There cannot be ethnic problems hindering Armenian-Georgian relations, Georgian journalist Koba Gogava says expressing his surprise that incidents are interpreted at a household level. Georgians are not ill-disposed to Armenians and there are not anti-Armenian moods in the country. The incident that happened in an Armenian church in Tbilisi might have happened to other national minorities living in the country and there is no need to think that it was motivated by religious and ethnic prejudice.
Koba Gogava knows what response the incident received in Armenia. He says it can happen to everyone and any time; kinsmen can argue in the same way and there is no need to politicize the issue. “We treat Armenians in the same way as we treat other nations, we live and work together,” said the Georgian journalist.
Then he added ‘the Armenian Church is also our church, Armenians are full-fledged citizens of Georgia.’

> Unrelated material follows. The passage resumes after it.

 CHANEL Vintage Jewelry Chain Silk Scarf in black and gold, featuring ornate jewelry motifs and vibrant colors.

Boris Karslyan, a journalist of Javakhk-based “Nor” radio, cites in example from Javakhk where Armenians and Georgians live in harmony side by side. He knows the reaction of the Georgian media and social networks in connection with the incident. “They write that it was an act of hooliganism and should be viewed as a domestic incident, while the Armenian press has reacted more harshly.”
Susanna Khachatryan, n, Head of the Press Service of the Diocese of the Armenian Apostolic Orthodox Holy Church in Georgia, reminds that this was the third clash between Armenians and Georgians in 2014 and viewing the problem only at the household level will be too mild. “Obviously, there is national intolerance [in Georgia]; we feel it at every turn.” Ms. Khachatryan adds that these events cannot break the centuries-old friendship between the two peoples.

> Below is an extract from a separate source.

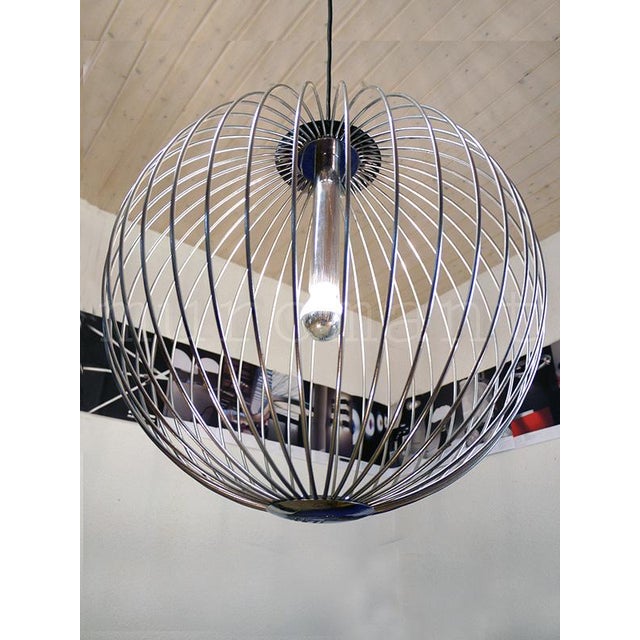 Oversized object lamp with finely chrome plated branches ending in an orbital ball. This string pendant light will draw...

Arsen Kharatyan, an expert and member of management board of Civil Agreement, says at first it was a domestic conflict but then turned into a group attack. He advises waiting for the results of the preliminary investigation.
Arsen Kharatyan draws attention to the fact that the only Armenian structure that operates in Tbilisi today is Surb Etchmiadzin Church which hosts all cultural events and similar incidents are inevitable given the flows of people.